The reports being used as a basis for measuring quality—Quality Resource and Use Reports (QRURs)—have been used in prior years, Gould says, but the measures have nothing to do with cancer care: for instance, whether a patient with diabetes had an annual eye exam, or whether a patient with lung disease was being properly treated for asthma. “I’m being judged based not on the work I do, but on the work my colleagues do. There’s no measure for how well I give chemotherapy or whether I give it for appropriate purposes, or if patients have ready access to me if they get ill.”
He added that the system was designed to have physicians hold one another to task so that quality and cost can improve. “But that’s very hard to do when you’re taking care of your own patients,” he said. “We don’t have time to be our brother’s keeper.”
Barbara McAnemy, MD, CEO of the New Mexico Cancer Center, a practice with 78 medical oncologists, and the chair of the board of trustees of the American Medical Association, agreed that most physicians aren’t aware of the value modifier program yet. “It’s a strangely constructed program, by which what you do in 2015 will affect how you are reimbursed in the future.” she said. It’s also very difficult to comply with all the regulations, she added, and that for a program to have meaningful use, it requires 100 percent compliance. “There’s a huge number of things outside our control.”
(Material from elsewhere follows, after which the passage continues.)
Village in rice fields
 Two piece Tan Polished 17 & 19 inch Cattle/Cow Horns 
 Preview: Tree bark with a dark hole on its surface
She pointed out that one measurement is to show what percentage of patients use a medical practice’s Internet portal to be aware of different aspects of their medical care. “I can set it up and tell them about it, but I can’t make them use it,” she said. “How do I make that happen? Similarly, if I want to really comply with the regulations for transition-of-care visits, I need to send medical records to an HIPAA-compliant electronic health records system. But if I can’t send it to you electronically, am I going to clog up your fax machine with 70 pages of duplicated records? Getting bogged down in huge quantities of information may hinder a practice’s ability to find the information needed to continue to care for Medicare patients.”
Such efforts could lead to more cost-cutting measures. “Half of our patients have Medicare, so we’ve had to get lean,” she added. “I think this is why we see so many practices closing satellites, consolidating or selling practices, or begging hospitals to buy them.”
Calls for Change
Oncology is a complex specialty and should be assessed as such. Ted Okon, executive director for the Community Oncology Alliance, said in an interview that he believes the value modifier will “drastically harm cancer care.”
There are approximately 900,000 physicians in the United States, only about 5000 of whom are oncologists who will be affected by this program— those who work with Medicare patients not primarily through hospitals. “They are being penalized for something not in their control, and this is a program not ready for prime time,” said Okon. “It is virtually meaningless for oncologists.”
Instead, said Okon, the answer to spiraling healthcare costs is meaningful payment reform, “so you have quality and costs that are really attributable to that cancer patient being measured.”
Members of Congress, led by Representative Cathy McMorris Rogers (R-WA), have a bill in draft form that will specifically address oncology payment reform, said Okon. “We’ve been working with the energy commerce committee and taking the lead in helping to develop the oncology medical home model.” This model includes oncology-specific reforms such as episode-based payment, emphasis on practice transformation, and multi-payer design. “These kinds of things are a step in the right direction—not these stopgap measures” like the value modifier, he said.